Reader, Writer
February 17, 2007 | San Francisco Chronicle
There was a real fear among White House eggheads that President Richard Nixon would get sloshed and ruin his ceremonial toast during a banquet at China’s Great Hall of the People in 1972. One of his assistants discovered on an advance trip that the Chinese liquor mao-tai was potent stuff; he warned in a memorandum that “under no repeat no circumstances should the president actually drink from his glass in response to banquet toasts.” In the event, Nixon performed beautifully. And that wasn’t the evening’s only victory. Compulsory chopstick practice among the American delegation averted unsightly blunders. And Pat Nixon’s hopes for the China trip were realized: She was offered a pair of pandas and screamed with delight. The American press corps, football fields away in the gigantic hall, stood on their chairs and watched the spectacle through binoculars.

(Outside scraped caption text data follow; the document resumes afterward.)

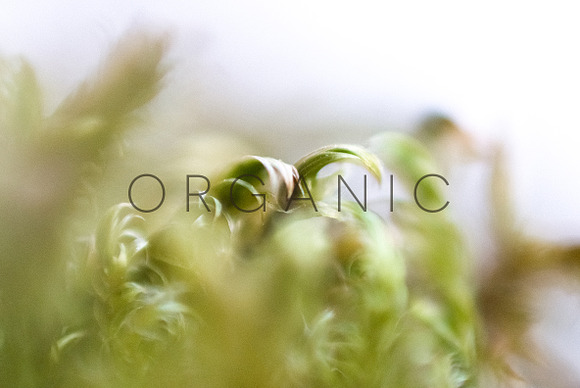 Organic in Objects - product preview 5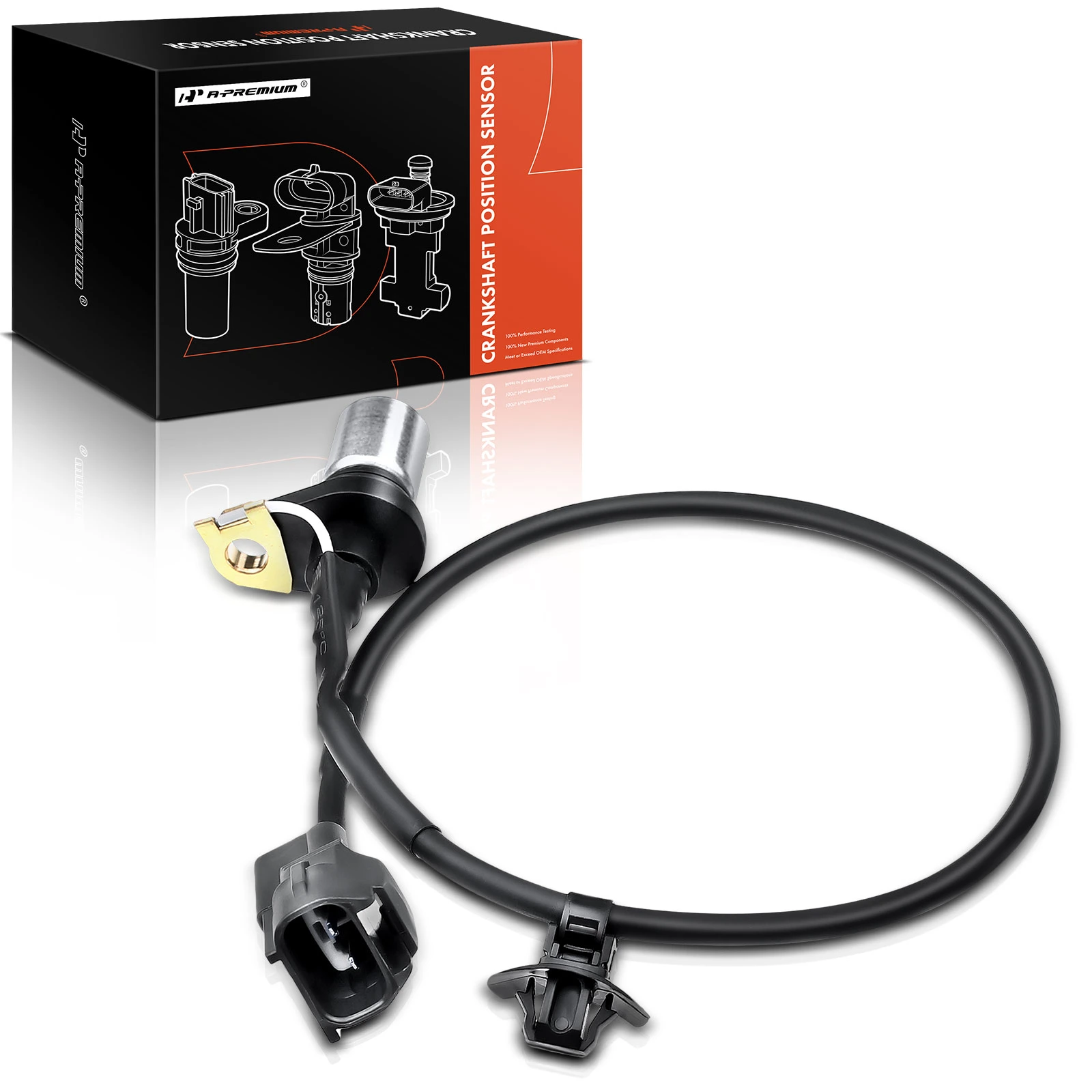 Crankshaft Position Sensor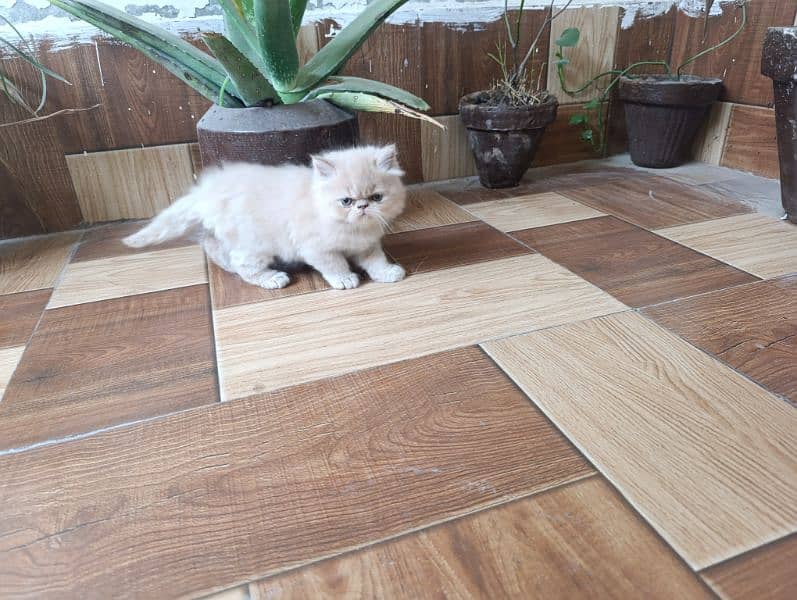 kittens for its lover 2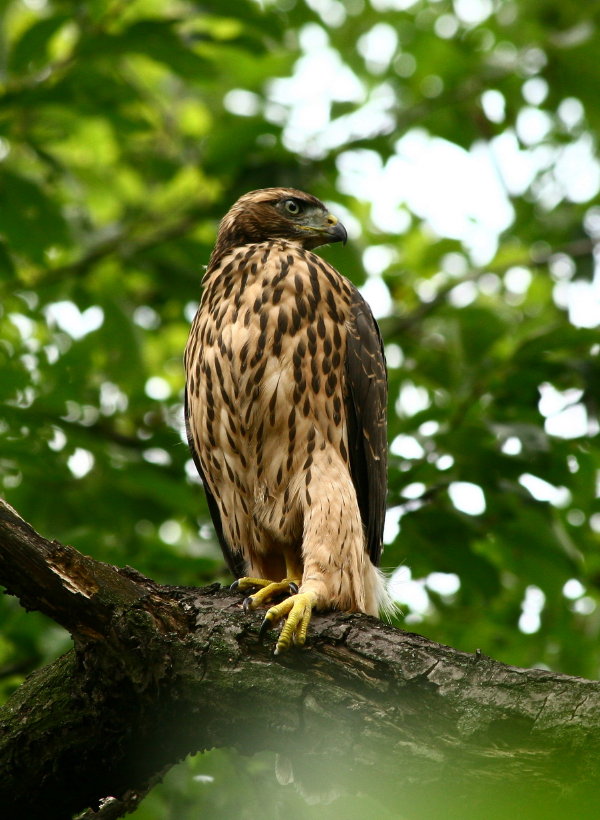 ti piace queto profilo?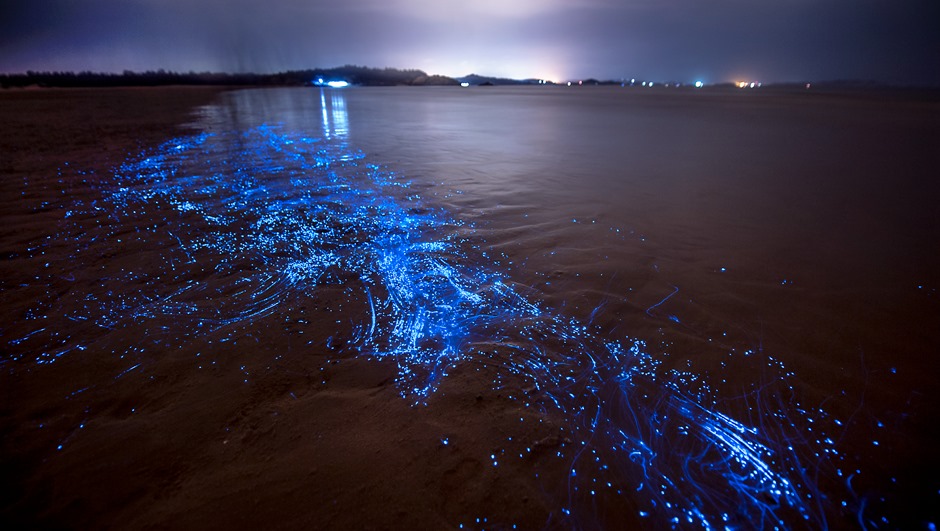 平潭坛南湾蓝眼泪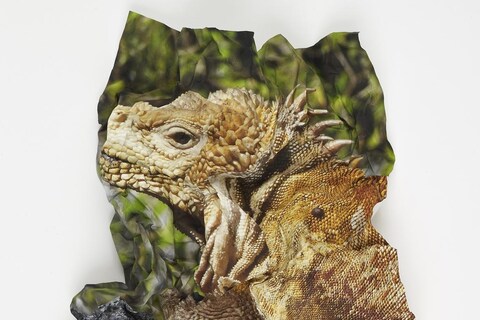 Ritual for Reconciliation: Galapagos Land Iguana (Conolophus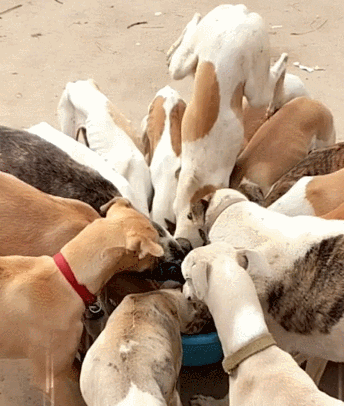 这6种水果别再给狗狗吃,尤其是第四个,碰都不要碰!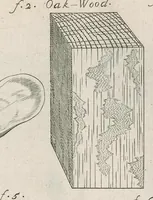 Picture 2 of 48 from The anatomy of plants : with, An idea of a philosophical history of plants, and several other lectures (1682), leaf 386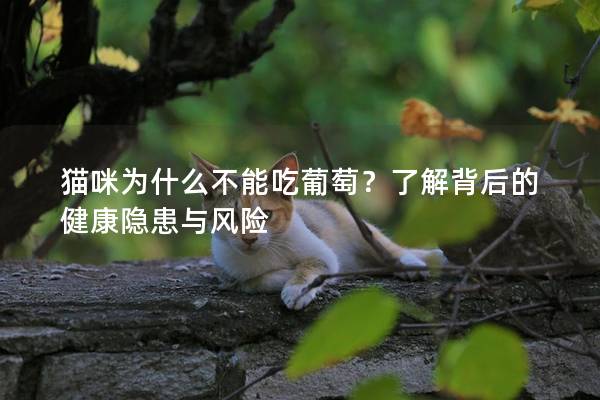 猫咪为什么不能吃葡萄？了解背后的健康隐患与风险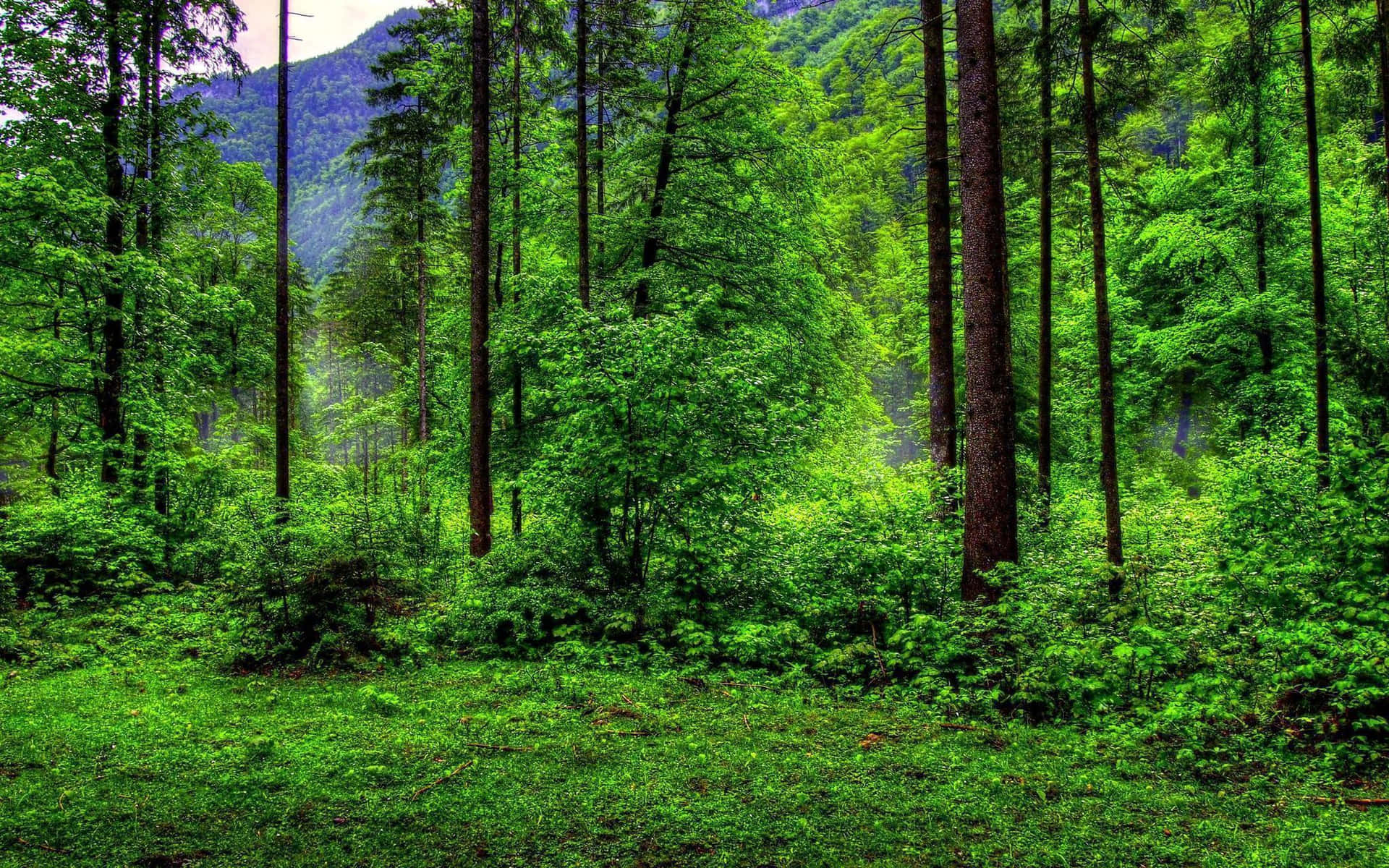 Enjoy The Lushness Of Forest Green Background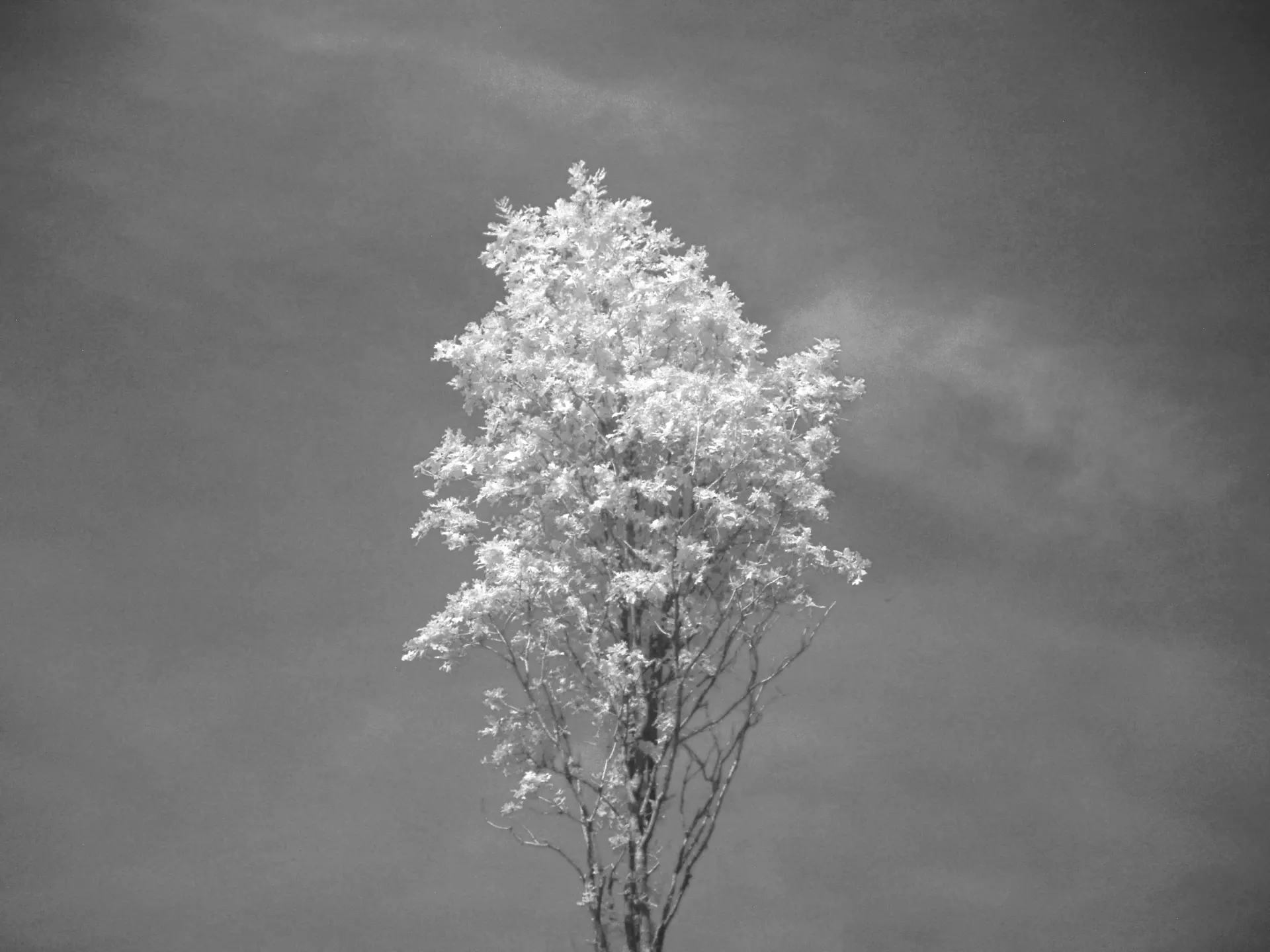 Infrared composition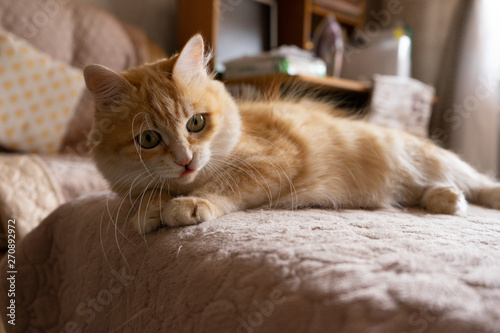 cat lying on bed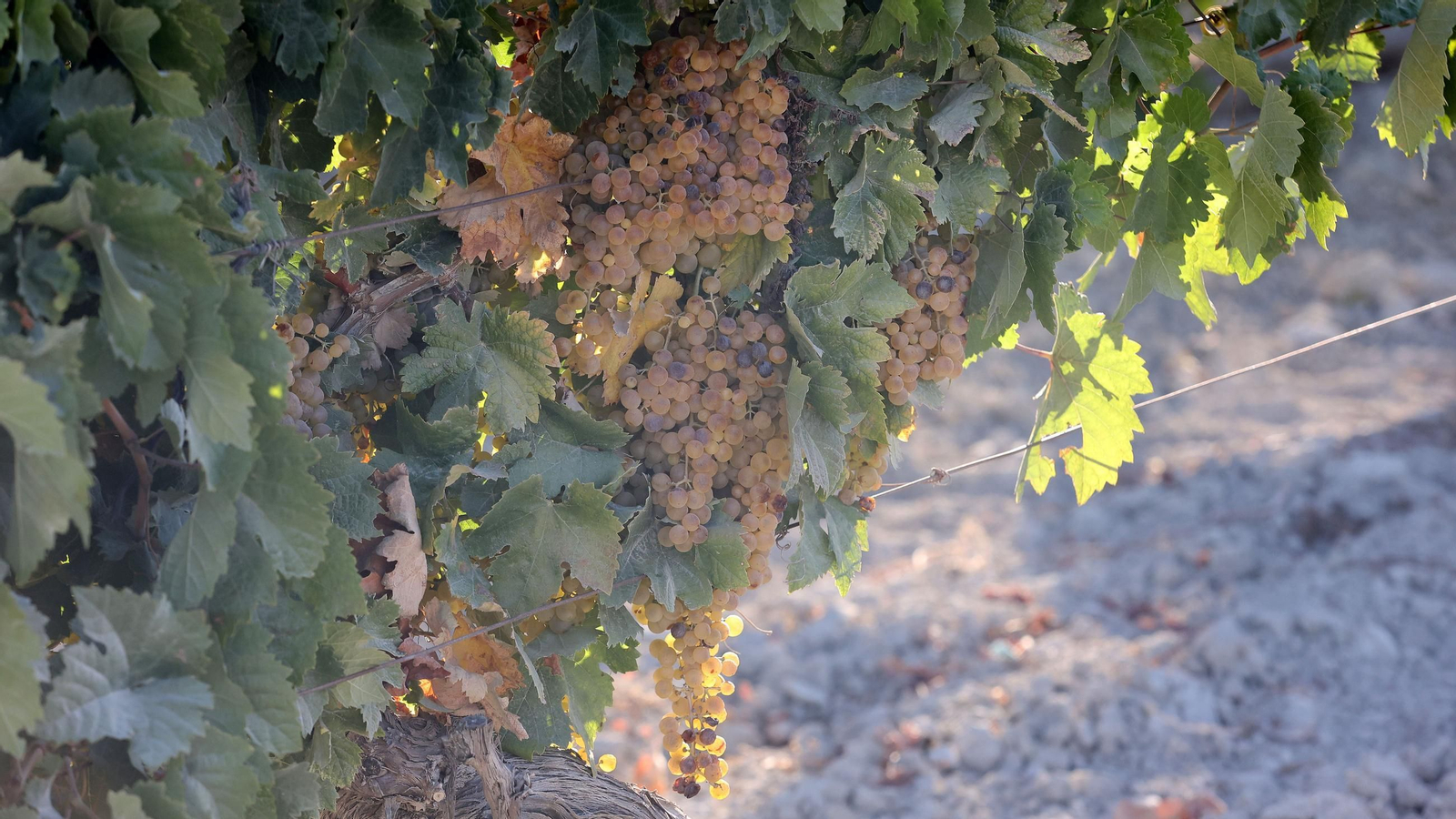 Vendimia a mano en la Viña El Caribe en Jerez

Yes, diplomacy is silly. But as Margaret MacMillan writes in her splendid new book, “Nixon and Mao,” “[t]he banquet, like Nixon’s trip itself, was about symbols, about handshakes and the exchange of toasts between leaders whose countries had for decades treated each other with suspicion.” Suspicion is a euphemism: The United States and China had had no diplomatic relations since 1949. They had already fought one proxy war against each other in Korea, and were in the middle of their second, in Vietnam.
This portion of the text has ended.